Cross Validated Asked by antifrax on December 13, 2021
Most examples for Gaussian Mixture Models (GMMs) employ datasets with fairly obvious underlying structure (well-separated clusters). How should one determine the order of a GMM (and interpret the result) when components overlap strongly?
For example, consider a dataset where the true data-generating process is 4 bivariate normal distributions.

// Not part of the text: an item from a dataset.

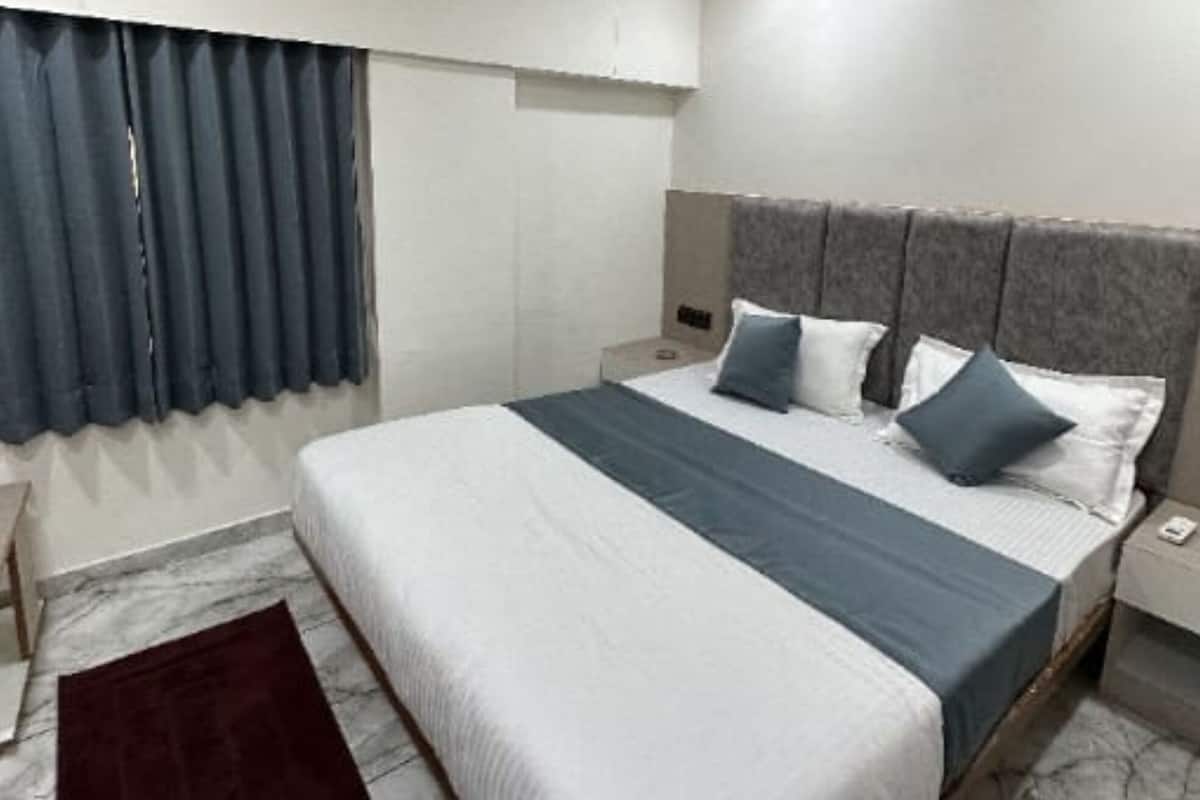 A bedroom with a bed, a nightstand, a ceiling fan, and a window with curtains.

Working in R:
#generate data as a mixture of four bivariate Guassians
library(MASS)
set.seed(123)
reds<-mvrnorm(n=1000,mu=c(2,2),Sigma=matrix(c(0.2,0.01,0.01,0.2),2))
greens<-mvrnorm(n=1000,mu=c(4,4),Sigma=matrix(c(2,0.9,0.9,2),2))
blues<-mvrnorm(n=1000,mu=c(2,3),Sigma=matrix(c(0.9,0.3,0.3,0.9),2))
blacks<-mvrnorm(n=1000,mu=c(2,3),Sigma=matrix(c(0.1,0.01,0.01,0.1),2))
#the data we observe:
dat<-rbind(reds,blues,greens,blacks)
#visualize
plot(NULL,xlim=c(-2,10),ylim=c(-2,10),
xlab="dimension 1",ylab="dimension 2",main="Observations")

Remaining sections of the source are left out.